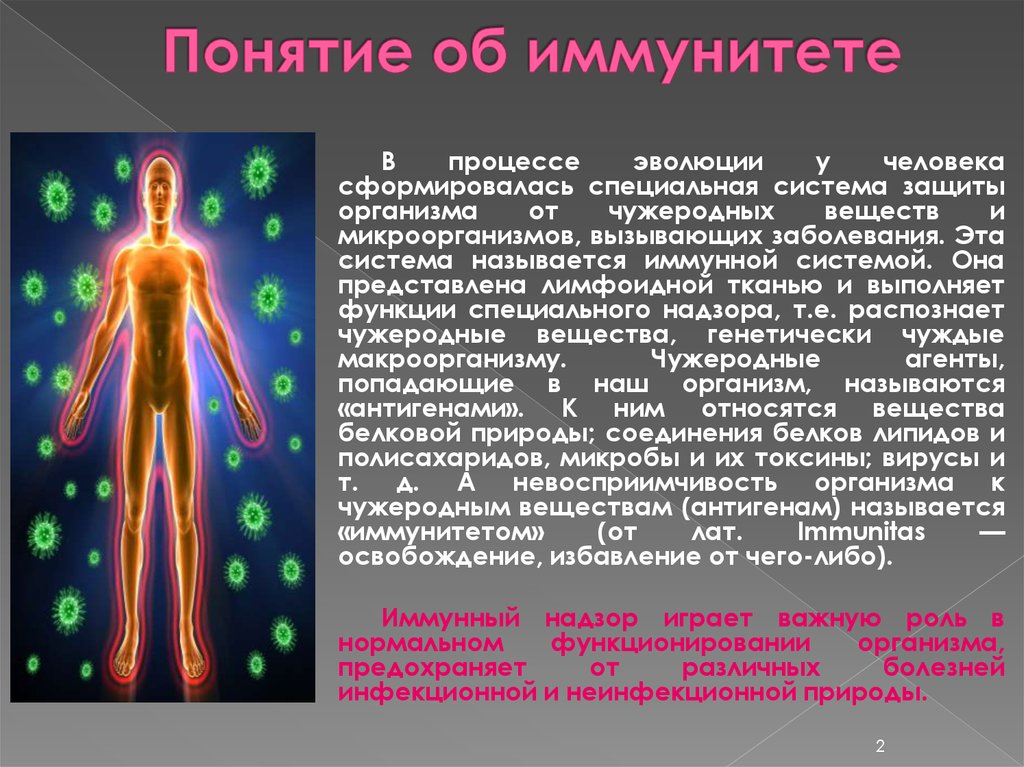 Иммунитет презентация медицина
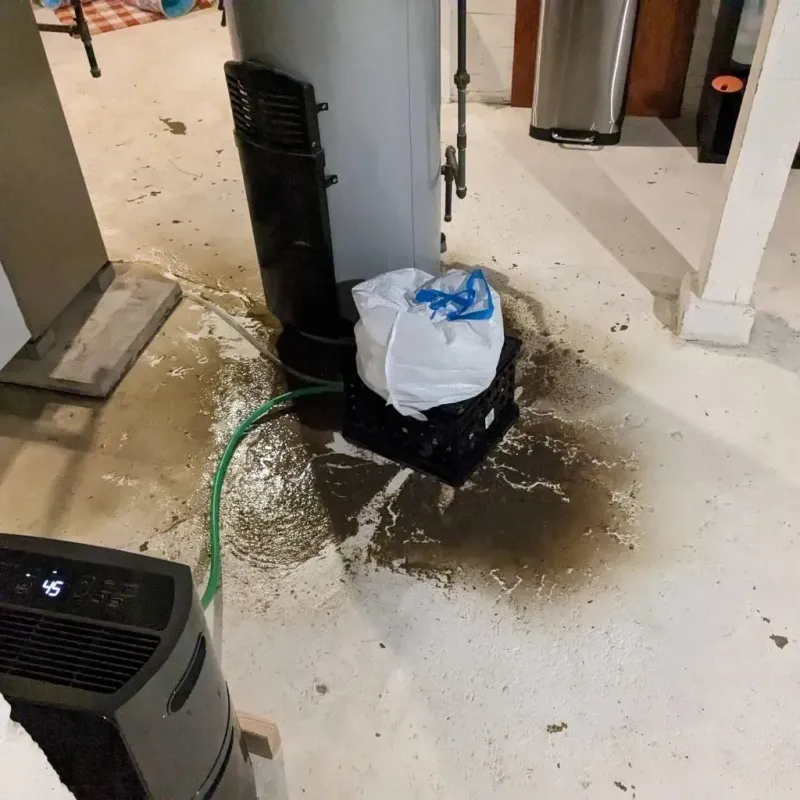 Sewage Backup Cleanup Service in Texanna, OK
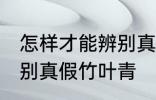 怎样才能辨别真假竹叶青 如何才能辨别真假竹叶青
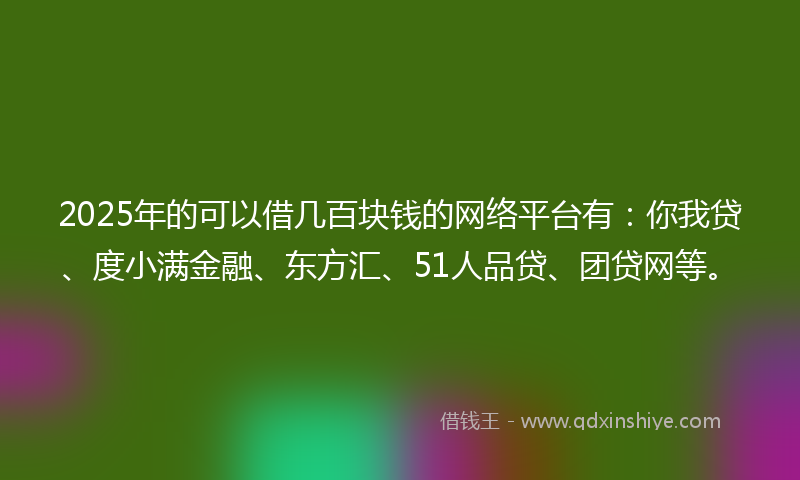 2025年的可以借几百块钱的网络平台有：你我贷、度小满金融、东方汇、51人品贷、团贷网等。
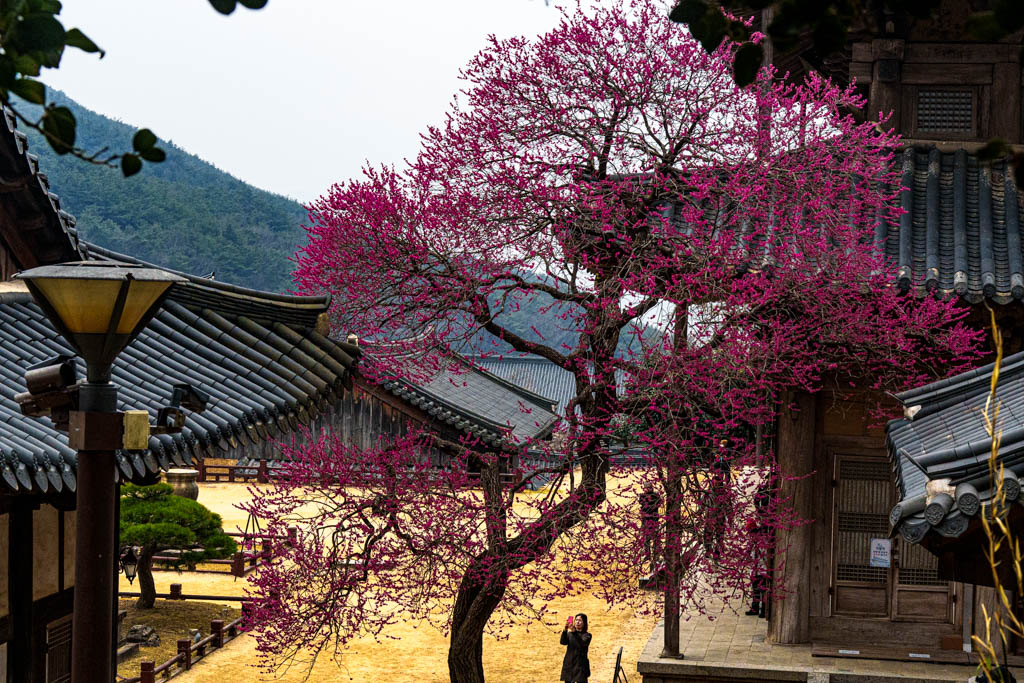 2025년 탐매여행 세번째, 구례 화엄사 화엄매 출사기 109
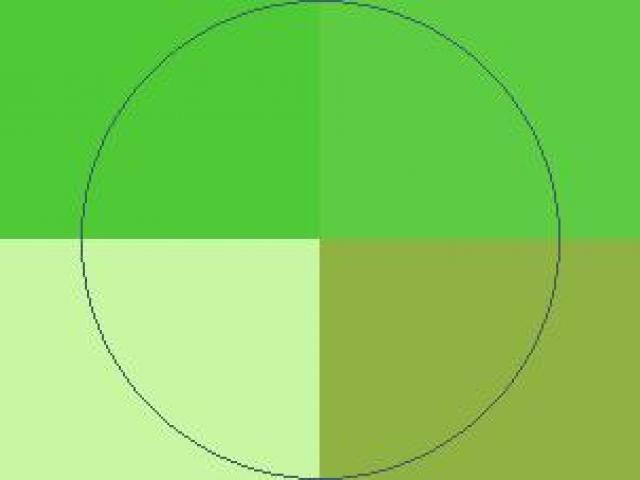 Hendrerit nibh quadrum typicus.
··········
• Task objective
All that the answer may contain is the exact text of the lines from the one with "怎样才能辨别真假竹叶青 如何才能辨别真假竹叶青" through the last line of the material, pictures excluded.

• Finished task
 怎样才能辨别真假竹叶青 如何才能辨别真假竹叶青
 2025年的可以借几百块钱的网络平台有：你我贷、度小满金融、东方汇、51人品贷、团贷网等。
 2025년 탐매여행 세번째, 구례 화엄사 화엄매 출사기 109
 Hendrerit nibh quadrum typicus.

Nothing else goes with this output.